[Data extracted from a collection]
--*--
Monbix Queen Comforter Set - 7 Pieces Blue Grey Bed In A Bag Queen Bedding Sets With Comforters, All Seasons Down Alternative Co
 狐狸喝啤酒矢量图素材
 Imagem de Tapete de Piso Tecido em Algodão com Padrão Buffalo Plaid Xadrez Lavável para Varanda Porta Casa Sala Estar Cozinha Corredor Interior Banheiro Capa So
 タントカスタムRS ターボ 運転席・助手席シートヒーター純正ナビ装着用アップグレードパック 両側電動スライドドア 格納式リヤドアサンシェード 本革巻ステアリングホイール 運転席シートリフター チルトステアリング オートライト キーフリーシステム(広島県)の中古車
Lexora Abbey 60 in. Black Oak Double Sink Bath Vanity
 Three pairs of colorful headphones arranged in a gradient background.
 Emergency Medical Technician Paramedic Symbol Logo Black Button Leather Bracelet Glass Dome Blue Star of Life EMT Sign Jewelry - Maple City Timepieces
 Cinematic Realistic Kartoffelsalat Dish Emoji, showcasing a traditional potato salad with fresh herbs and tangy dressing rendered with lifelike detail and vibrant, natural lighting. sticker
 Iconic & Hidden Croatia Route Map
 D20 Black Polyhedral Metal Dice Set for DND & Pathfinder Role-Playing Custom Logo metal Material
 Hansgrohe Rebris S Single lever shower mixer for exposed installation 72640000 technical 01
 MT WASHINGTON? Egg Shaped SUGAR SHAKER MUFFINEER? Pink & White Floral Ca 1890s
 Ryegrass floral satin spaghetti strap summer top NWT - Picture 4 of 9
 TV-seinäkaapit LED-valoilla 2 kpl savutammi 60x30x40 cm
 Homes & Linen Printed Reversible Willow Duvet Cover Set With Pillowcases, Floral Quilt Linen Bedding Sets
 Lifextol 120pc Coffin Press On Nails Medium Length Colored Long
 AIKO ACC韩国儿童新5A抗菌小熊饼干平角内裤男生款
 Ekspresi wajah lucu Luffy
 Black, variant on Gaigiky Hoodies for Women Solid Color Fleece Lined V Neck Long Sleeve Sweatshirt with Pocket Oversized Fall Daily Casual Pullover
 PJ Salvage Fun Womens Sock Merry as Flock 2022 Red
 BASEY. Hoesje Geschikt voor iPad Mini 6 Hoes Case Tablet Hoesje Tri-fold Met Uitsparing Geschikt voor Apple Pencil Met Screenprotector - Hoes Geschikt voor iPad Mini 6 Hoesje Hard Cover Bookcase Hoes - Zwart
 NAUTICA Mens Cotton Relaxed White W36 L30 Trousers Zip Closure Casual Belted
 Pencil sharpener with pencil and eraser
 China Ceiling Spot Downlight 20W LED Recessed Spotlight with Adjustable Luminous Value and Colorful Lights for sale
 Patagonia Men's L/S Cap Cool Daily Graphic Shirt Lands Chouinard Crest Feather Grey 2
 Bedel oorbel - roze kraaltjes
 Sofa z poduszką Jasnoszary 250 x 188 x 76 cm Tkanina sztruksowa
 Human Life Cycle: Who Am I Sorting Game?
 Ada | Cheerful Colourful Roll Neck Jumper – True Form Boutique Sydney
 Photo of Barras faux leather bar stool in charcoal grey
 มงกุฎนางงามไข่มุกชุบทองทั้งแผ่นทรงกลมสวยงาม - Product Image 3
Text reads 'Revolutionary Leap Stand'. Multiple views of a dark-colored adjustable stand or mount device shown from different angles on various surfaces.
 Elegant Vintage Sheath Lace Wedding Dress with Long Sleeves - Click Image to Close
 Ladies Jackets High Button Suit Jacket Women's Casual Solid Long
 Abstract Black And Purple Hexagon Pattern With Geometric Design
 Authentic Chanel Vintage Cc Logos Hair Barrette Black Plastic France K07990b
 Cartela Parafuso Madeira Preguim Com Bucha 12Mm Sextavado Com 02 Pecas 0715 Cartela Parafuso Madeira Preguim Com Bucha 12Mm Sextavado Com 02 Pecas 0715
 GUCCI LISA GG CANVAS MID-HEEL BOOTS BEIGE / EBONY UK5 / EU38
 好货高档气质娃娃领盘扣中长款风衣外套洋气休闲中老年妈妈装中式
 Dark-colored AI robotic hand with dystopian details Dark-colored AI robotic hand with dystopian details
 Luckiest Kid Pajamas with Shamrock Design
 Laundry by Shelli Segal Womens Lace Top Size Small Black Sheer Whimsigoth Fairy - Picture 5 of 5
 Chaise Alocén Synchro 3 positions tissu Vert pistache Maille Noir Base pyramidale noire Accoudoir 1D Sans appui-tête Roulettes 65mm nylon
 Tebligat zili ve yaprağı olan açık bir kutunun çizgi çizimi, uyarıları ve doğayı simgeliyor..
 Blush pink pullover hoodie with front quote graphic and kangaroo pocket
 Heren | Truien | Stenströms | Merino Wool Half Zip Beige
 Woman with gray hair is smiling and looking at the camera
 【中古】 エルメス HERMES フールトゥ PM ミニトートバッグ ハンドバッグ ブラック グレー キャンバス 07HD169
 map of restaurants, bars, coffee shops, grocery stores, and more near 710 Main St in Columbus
--*--
Work item: Using the entries above, quote each line verbatim from the first through the line that contains "BASEY. Hoesje Geschikt".

Result:
Monbix Queen Comforter Set - 7 Pieces Blue Grey Bed In A Bag Queen Bedding Sets With Comforters, All Seasons Down Alternative Co
 狐狸喝啤酒矢量图素材
 Imagem de Tapete de Piso Tecido em Algodão com Padrão Buffalo Plaid Xadrez Lavável para Varanda Porta Casa Sala Estar Cozinha Corredor Interior Banheiro Capa So
 タントカスタムRS ターボ 運転席・助手席シートヒーター純正ナビ装着用アップグレードパック 両側電動スライドドア 格納式リヤドアサンシェード 本革巻ステアリングホイール 運転席シートリフター チルトステアリング オートライト キーフリーシステム(広島県)の中古車
Lexora Abbey 60 in. Black Oak Double Sink Bath Vanity
 Three pairs of colorful headphones arranged in a gradient background.
 Emergency Medical Technician Paramedic Symbol Logo Black Button Leather Bracelet Glass Dome Blue Star of Life EMT Sign Jewelry - Maple City Timepieces
 Cinematic Realistic Kartoffelsalat Dish Emoji, showcasing a traditional potato salad with fresh herbs and tangy dressing rendered with lifelike detail and vibrant, natural lighting. sticker
 Iconic & Hidden Croatia Route Map
 D20 Black Polyhedral Metal Dice Set for DND & Pathfinder Role-Playing Custom Logo metal Material
 Hansgrohe Rebris S Single lever shower mixer for exposed installation 72640000 technical 01
 MT WASHINGTON? Egg Shaped SUGAR SHAKER MUFFINEER? Pink & White Floral Ca 1890s
 Ryegrass floral satin spaghetti strap summer top NWT - Picture 4 of 9
 TV-seinäkaapit LED-valoilla 2 kpl savutammi 60x30x40 cm
 Homes & Linen Printed Reversible Willow Duvet Cover Set With Pillowcases, Floral Quilt Linen Bedding Sets
 Lifextol 120pc Coffin Press On Nails Medium Length Colored Long
 AIKO ACC韩国儿童新5A抗菌小熊饼干平角内裤男生款
 Ekspresi wajah lucu Luffy
 Black, variant on Gaigiky Hoodies for Women Solid Color Fleece Lined V Neck Long Sleeve Sweatshirt with Pocket Oversized Fall Daily Casual Pullover
 PJ Salvage Fun Womens Sock Merry as Flock 2022 Red
 BASEY. Hoesje Geschikt voor iPad Mini 6 Hoes Case Tablet Hoesje Tri-fold Met Uitsparing Geschikt voor Apple Pencil Met Screenprotector - Hoes Geschikt voor iPad Mini 6 Hoesje Hard Cover Bookcase Hoes - Zwart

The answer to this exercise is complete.